The major problem that flash sale sites face is the sudden and large amount of traffic. Generally, people are notified in advance about the time of the sale, so at that exact moment, a large number of customers hit the site to purchase the objects on sale. Therefore, we see a sudden spike in traffic and low traffic when there is no flash sale happening.
Another problem is that, as soon as a product is sold out, it should be moved to the bottom of the search result. We have already seen how this situation can be handled in the previous section. However, this requires very frequent updates to the Solr index. Ideally, as soon as a sale happens, the inventory status should be updated in the index. This is a general problem, but with flash sale sites, the problem becomes more acute. This is because at the time when the sale opens, there is a rush for a certain product. Moreover, the site can lose customers if inventory is not properly tracked and reported during flash sale time.
Thus, when we combine both the scenarios, we have a site that has a sudden spike in traffic, and we also need to keep the inventory status updated in the index to prevent over-selling of the product. Solr NRT indexing would help a lot in this scenario. A soft commit at certain durations could be used to reflect the changes in the index. To implement NRT in our index, we need to take care of two things in our solrconfig.xml
file.
A soft commit is much faster since it only makes index changes visible and does not fsync
index files or write a new index descriptor to disk.

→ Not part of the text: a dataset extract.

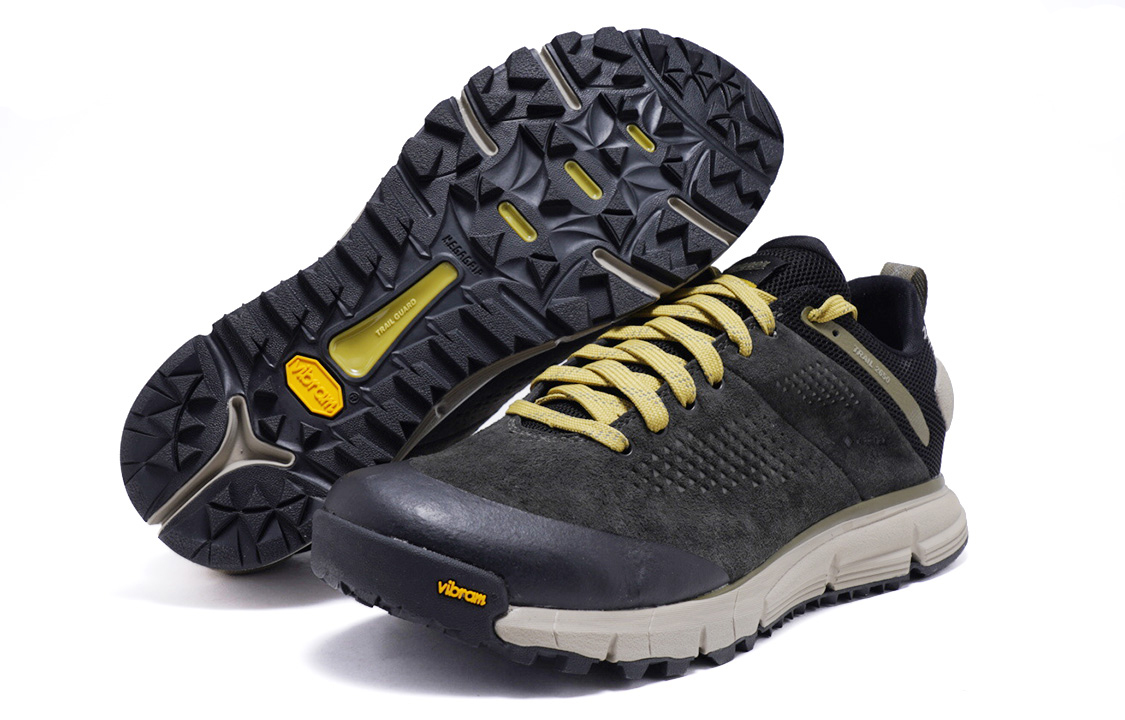 Danner Trail 2650 Suede Low top Athletic Shoes Men’s Black Yellow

We need to ensure that the DirectoryFactory
directive used for creating the Solr index is NRTCachingDirectoryFactory
class:
<directoryFactory name="DirectoryFactory" class="${solr.directoryFactory:solr.NRTCachingDirectoryFactory}">
We need to ensure the time duration for soft commits. This is handled via the autoSoftCommit
directive:
<autoSoftCommit> <maxTime>30000</maxTime> </autoSoftCommit>
This indicates that, every 30 seconds (30,000 milliseconds), changes in the Solr index will become available irrespective of whether they have been written to disk or not. An autoCommit
directive specifies the duration when the index will be written to disk. It is important to note that, in the case of a system failure, if the changes that are available via soft commit are not written to disk, the transaction log will be lost. If the soft commit has been written to the transaction log, it will be replayed when the Solr server restarts. If no hard commit has been made, the transaction log can contain a lot of documents that can result in a considerable Solr server startup time.
The third problem is that a product on sale should be searchable only after the exact sale time of the product. For example, if a product is supposed to go on sale at 2 pm in the afternoon, it should be in the index before 2 pm but should be searchable only after 2 pm.
In order to handle this scenario, we need to include time-sensitive data in our search index. To do this, we need to add two additional fields in the Solr index that define the start and end time of the sale for that particular product:
<field name="sale_start" type="date" indexed="true" stored="true"/> <field name="sale_end" type="date" indexed="true" stored="true"/>
Once this information is stored in the index, all we need to do is add another filter query to get the time sensitive products as a part of our search result. The filter query will be:
fq=+sale_start:[* TO NOW]+sale_end:[NOW+1HOUR TO *]
However, this filter query is very inefficient because NOW
calculates the time every time the query is run. Therefore, filter query caching does not happen. A better way to do this would be to round off the time to the nearest hour or minute to cache the filter query for that duration. Thus, our filter query would become:
fq=+sale_start:[* TO NOW/HOUR]+sale_end:[NOW/HOUR+1HOUR TO *]
Now, as soon as the end time for the sale goes by, the product automatically goes offline.